Problem to solve
With pictures removed, print the listing exactly.

Information shown
────────────────────

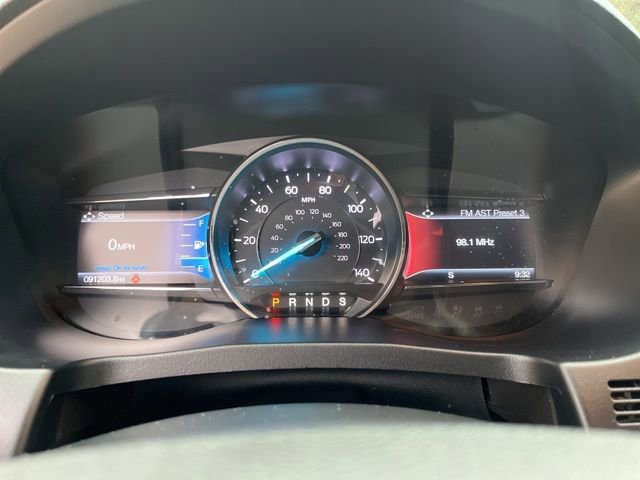 Used 2018 Ford Explorer XLT w/ Equipment Group 202A image 13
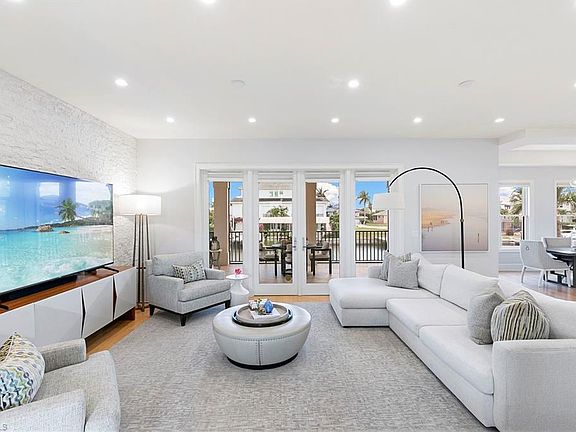 4th image of 357 Egret AVE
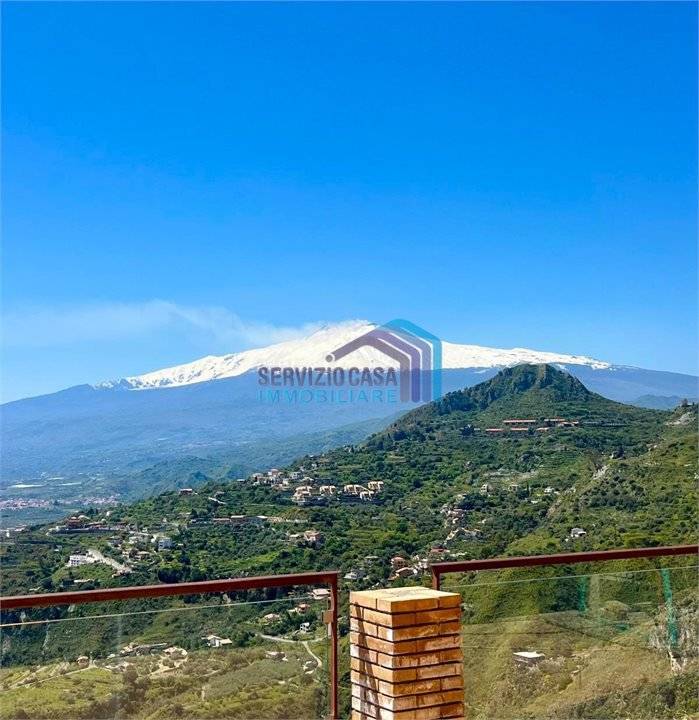 appartamento in vendita a Taormina in zona Spisone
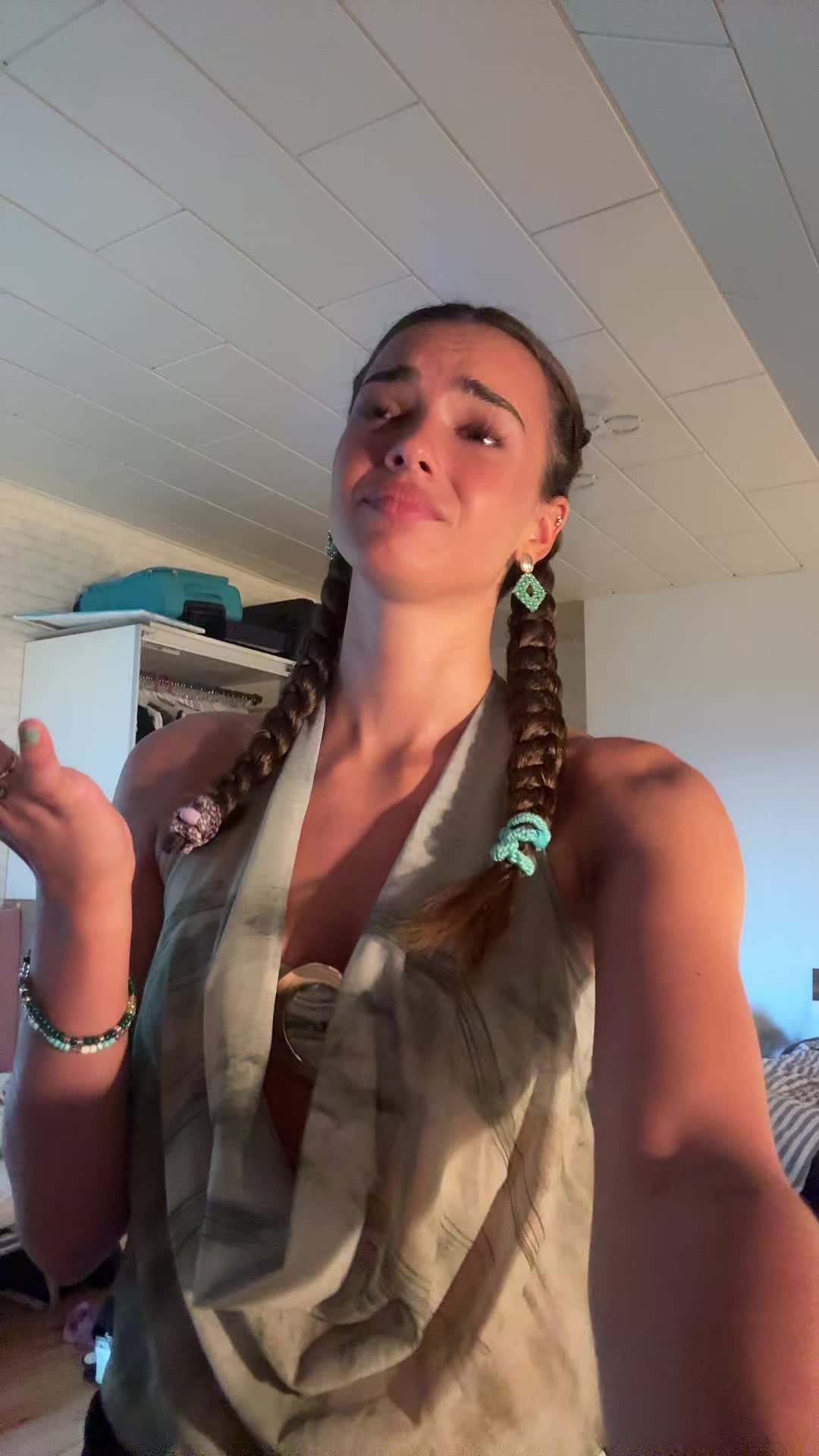 @Lorena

────────────────────

Reply
 Used 2018 Ford Explorer XLT w/ Equipment Group 202A image 13
 4th image of 357 Egret AVE
 appartamento in vendita a Taormina in zona Spisone
 @Lorena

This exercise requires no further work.